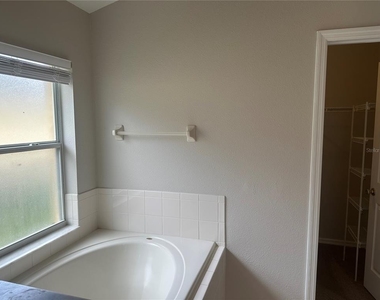 418 Ashley Place - Photo Thumbnail 22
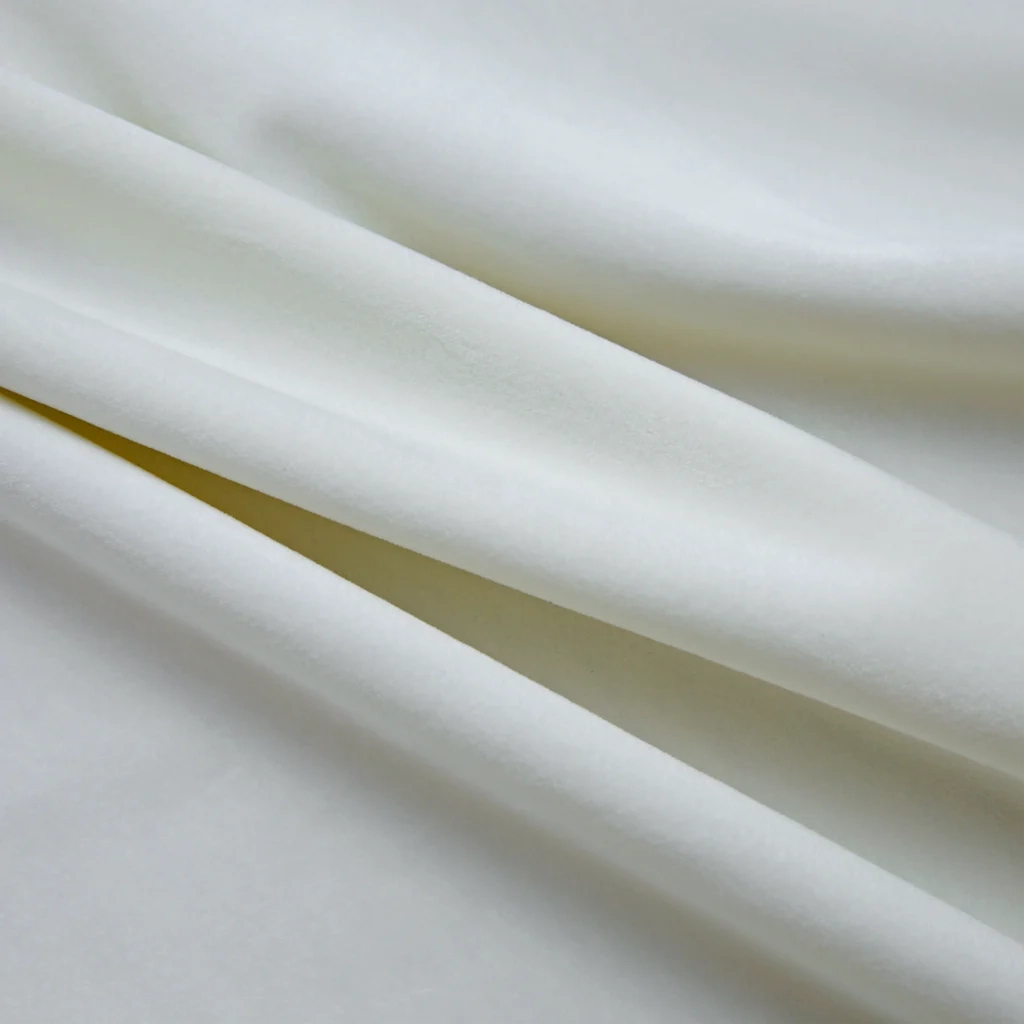 Tende Oscuranti con Anelli 2 pz Crema in Velluto 140x225 cm 134513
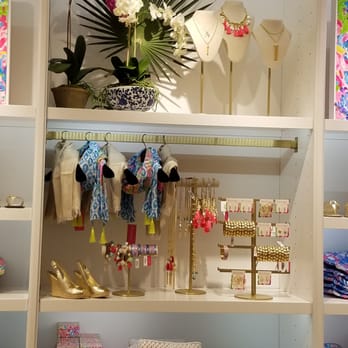 Lilly Pulitzer - Accessories galore - Women's Clothing Near Me - Lake Buena Vista, Florida Lilly Pulitzer - Accessories galore - Women's Clothing Near Me - Lake Buena Vista, Florida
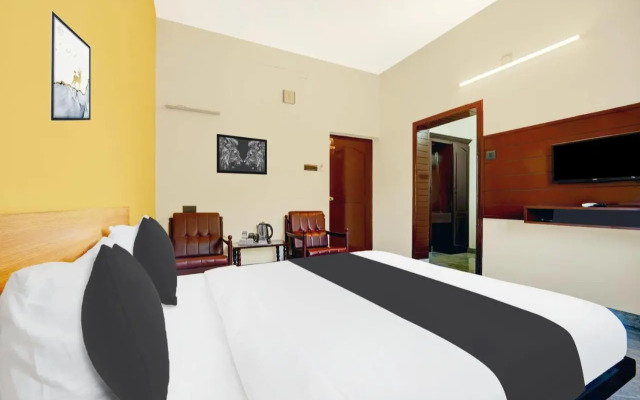 OYO Flagship 75052 Kuku Residency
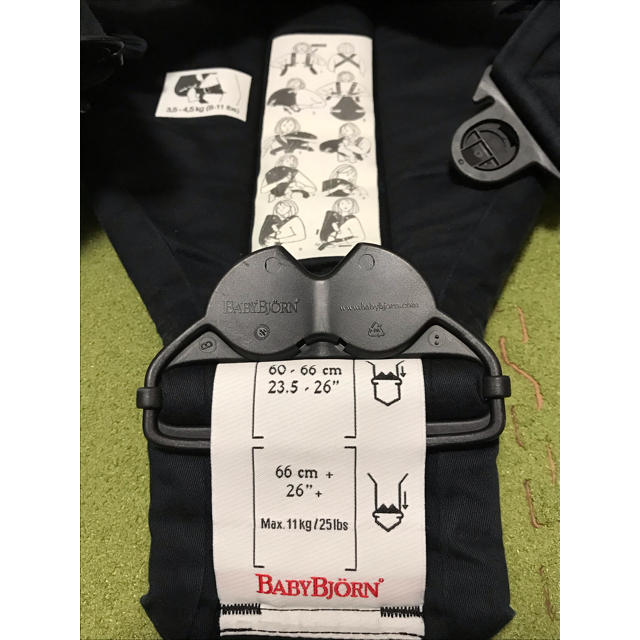 BABYBJORN(ベビービョルン)のBABYBJORN抱っこ紐ベビービョルン☆新生児☆コットンオリジナルブラック☆ キッズ/ベビー/マタニティの外出/移動用品(抱っこひも/おんぶひも)の商品写真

####

Pictures are not part of the copy. Output only the lines from the one with "Tende Oscuranti con" through the final line of the records, exactly as given.

> Output for this task
 Tende Oscuranti con Anelli 2 pz Crema in Velluto 140x225 cm 134513
 Lilly Pulitzer - Accessories galore - Women's Clothing Near Me - Lake Buena Vista, Florida Lilly Pulitzer - Accessories galore - Women's Clothing Near Me - Lake Buena Vista, Florida
 OYO Flagship 75052 Kuku Residency
 BABYBJORN(ベビービョルン)のBABYBJORN抱っこ紐ベビービョルン☆新生児☆コットンオリジナルブラック☆ キッズ/ベビー/マタニティの外出/移動用品(抱っこひも/おんぶひも)の商品写真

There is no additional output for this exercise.